Data shown

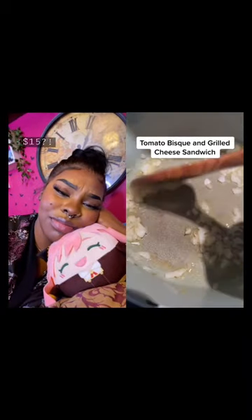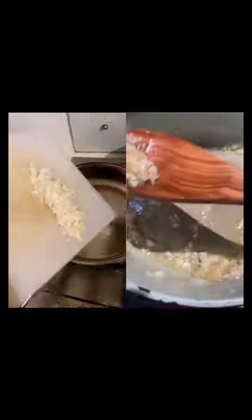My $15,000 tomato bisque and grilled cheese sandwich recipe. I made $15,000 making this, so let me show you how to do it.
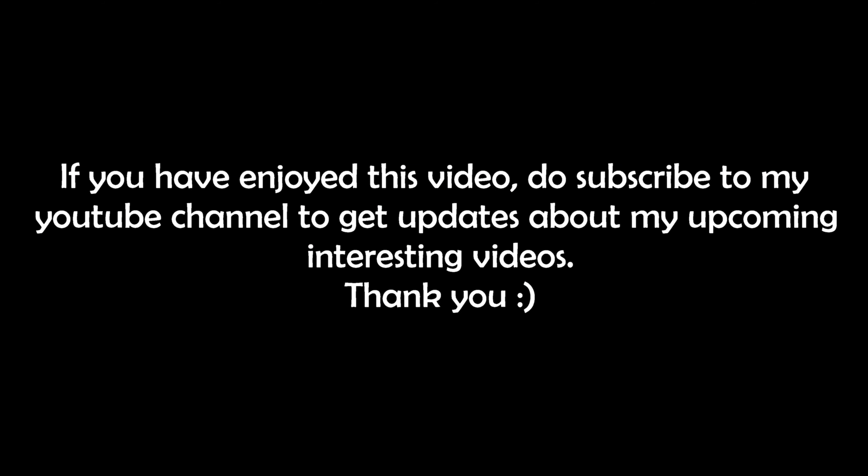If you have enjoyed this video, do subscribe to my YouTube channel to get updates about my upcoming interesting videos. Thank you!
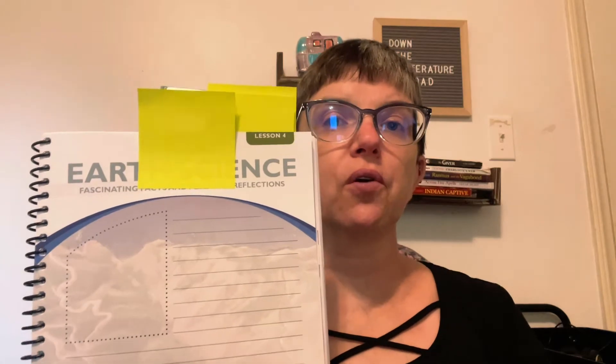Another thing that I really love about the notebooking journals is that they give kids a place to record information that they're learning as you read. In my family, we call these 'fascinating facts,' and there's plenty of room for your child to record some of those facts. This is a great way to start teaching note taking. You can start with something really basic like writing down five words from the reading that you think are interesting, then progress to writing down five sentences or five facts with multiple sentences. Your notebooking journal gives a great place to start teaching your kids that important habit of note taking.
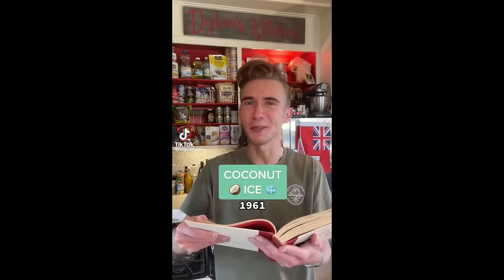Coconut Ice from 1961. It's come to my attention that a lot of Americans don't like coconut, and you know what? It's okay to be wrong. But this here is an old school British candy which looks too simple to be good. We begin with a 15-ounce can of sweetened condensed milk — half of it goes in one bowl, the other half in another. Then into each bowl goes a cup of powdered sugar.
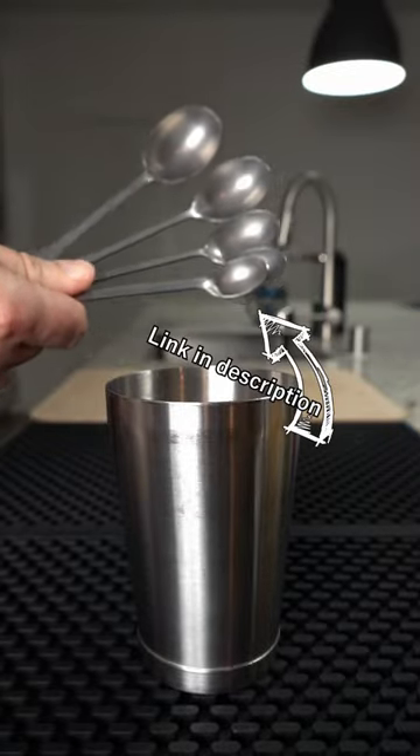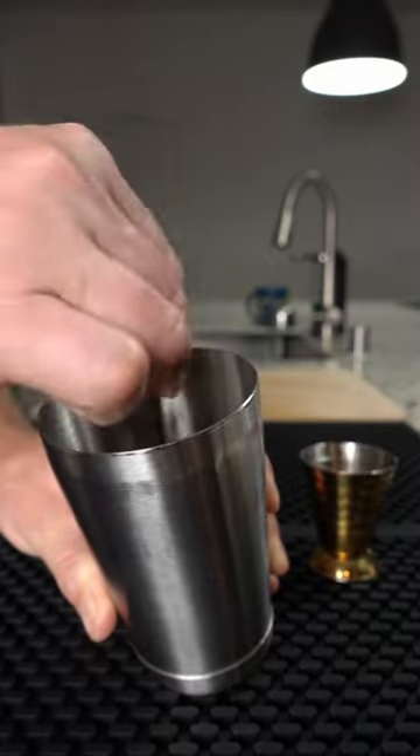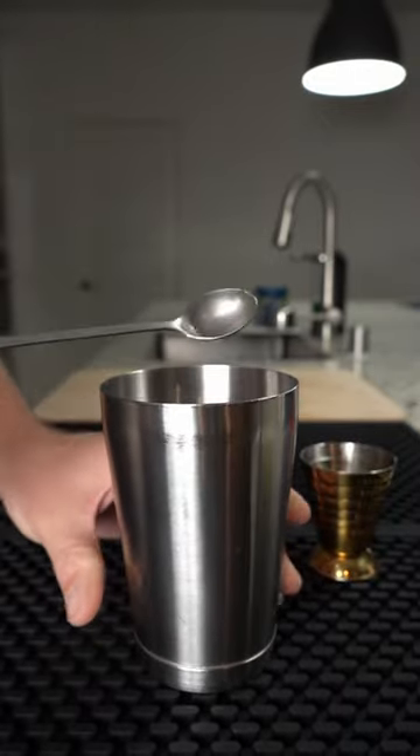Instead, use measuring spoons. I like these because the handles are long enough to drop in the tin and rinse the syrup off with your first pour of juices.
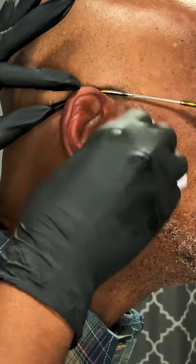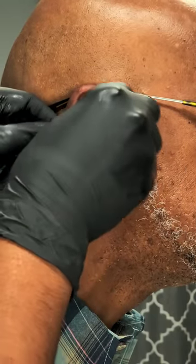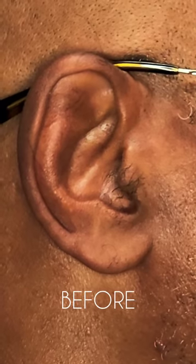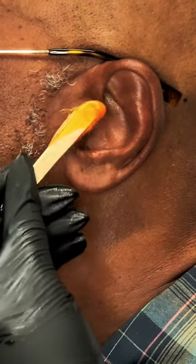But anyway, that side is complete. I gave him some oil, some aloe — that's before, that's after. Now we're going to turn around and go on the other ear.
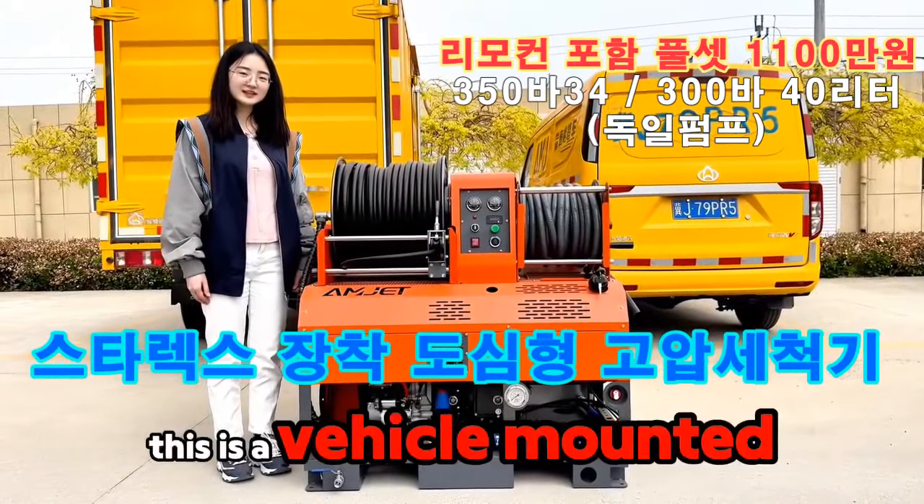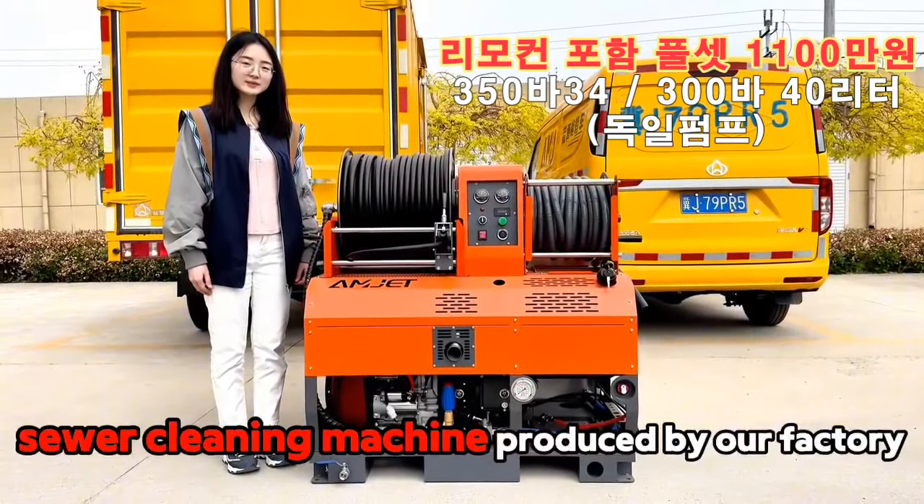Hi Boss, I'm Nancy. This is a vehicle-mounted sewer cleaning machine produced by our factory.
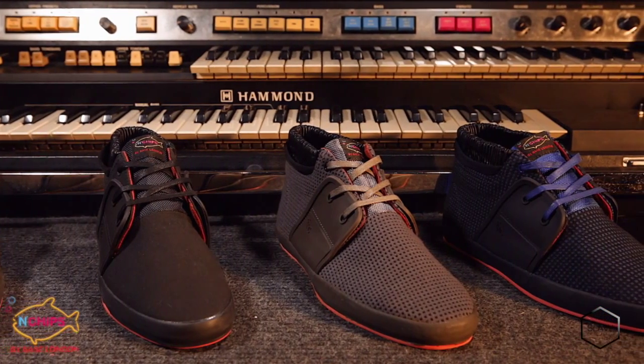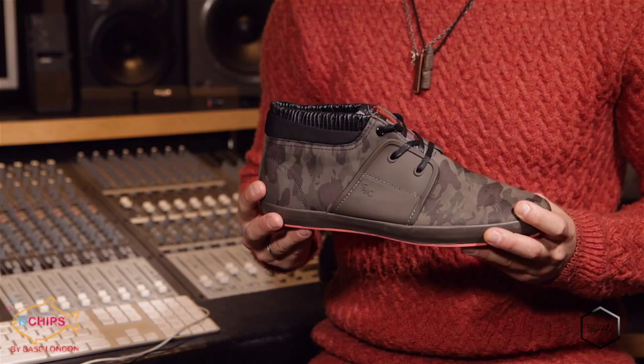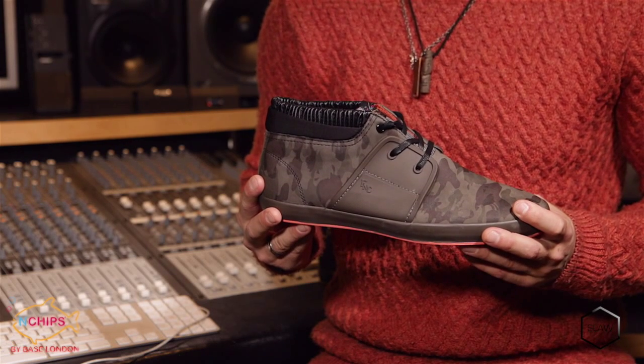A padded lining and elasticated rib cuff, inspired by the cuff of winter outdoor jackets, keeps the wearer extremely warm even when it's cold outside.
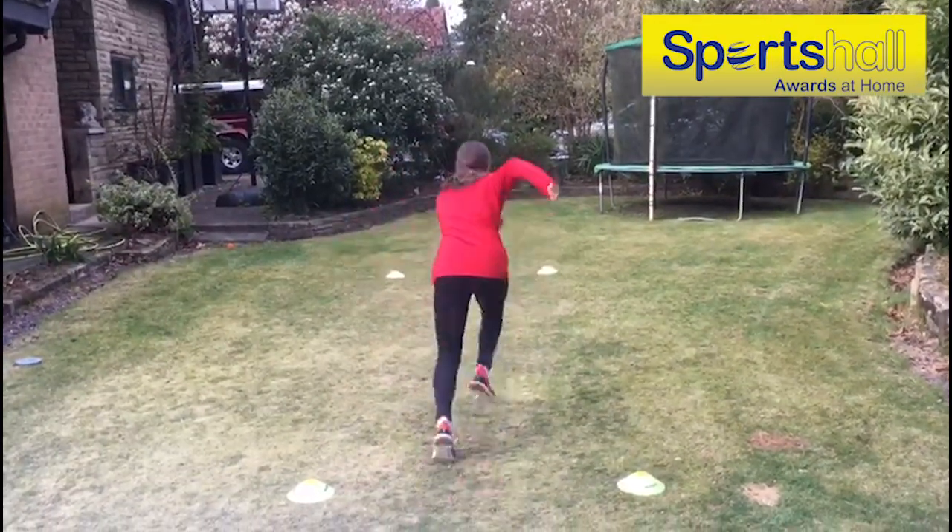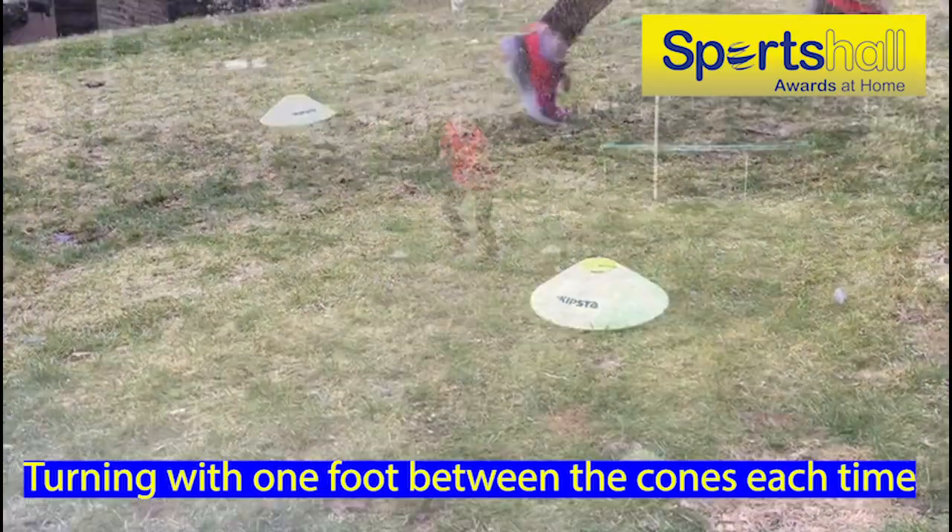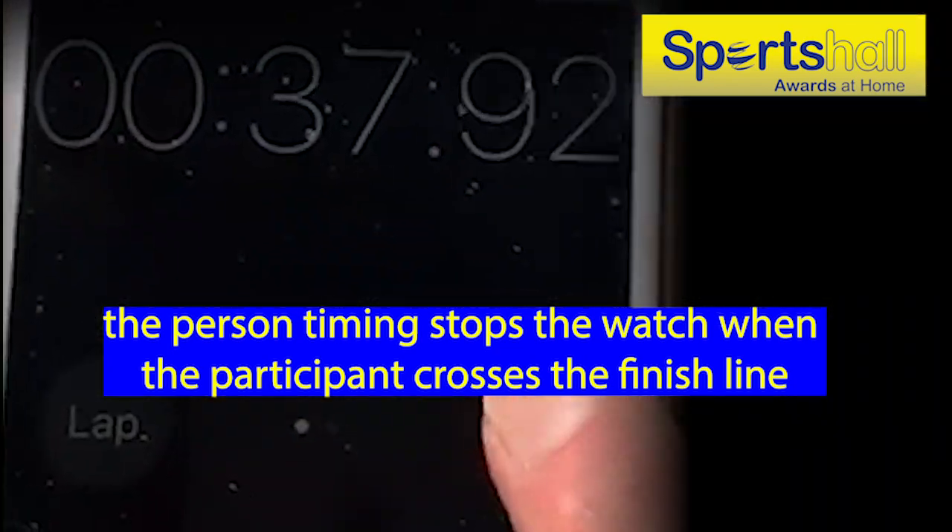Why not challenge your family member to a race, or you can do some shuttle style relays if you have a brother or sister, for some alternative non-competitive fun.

What to produce
In the records above, find the line containing "Instead, use measuring" and the line containing "A padded lining", then give both of them again word for word along with every line between. Omit any pictures.

Response box
Instead, use measuring spoons. I like these because the handles are long enough to drop in the tin and rinse the syrup off with your first pour of juices.
But anyway, that side is complete. I gave him some oil, some aloe — that's before, that's after. Now we're going to turn around and go on the other ear.
Hi Boss, I'm Nancy. This is a vehicle-mounted sewer cleaning machine produced by our factory.
A padded lining and elasticated rib cuff, inspired by the cuff of winter outdoor jackets, keeps the wearer extremely warm even when it's cold outside.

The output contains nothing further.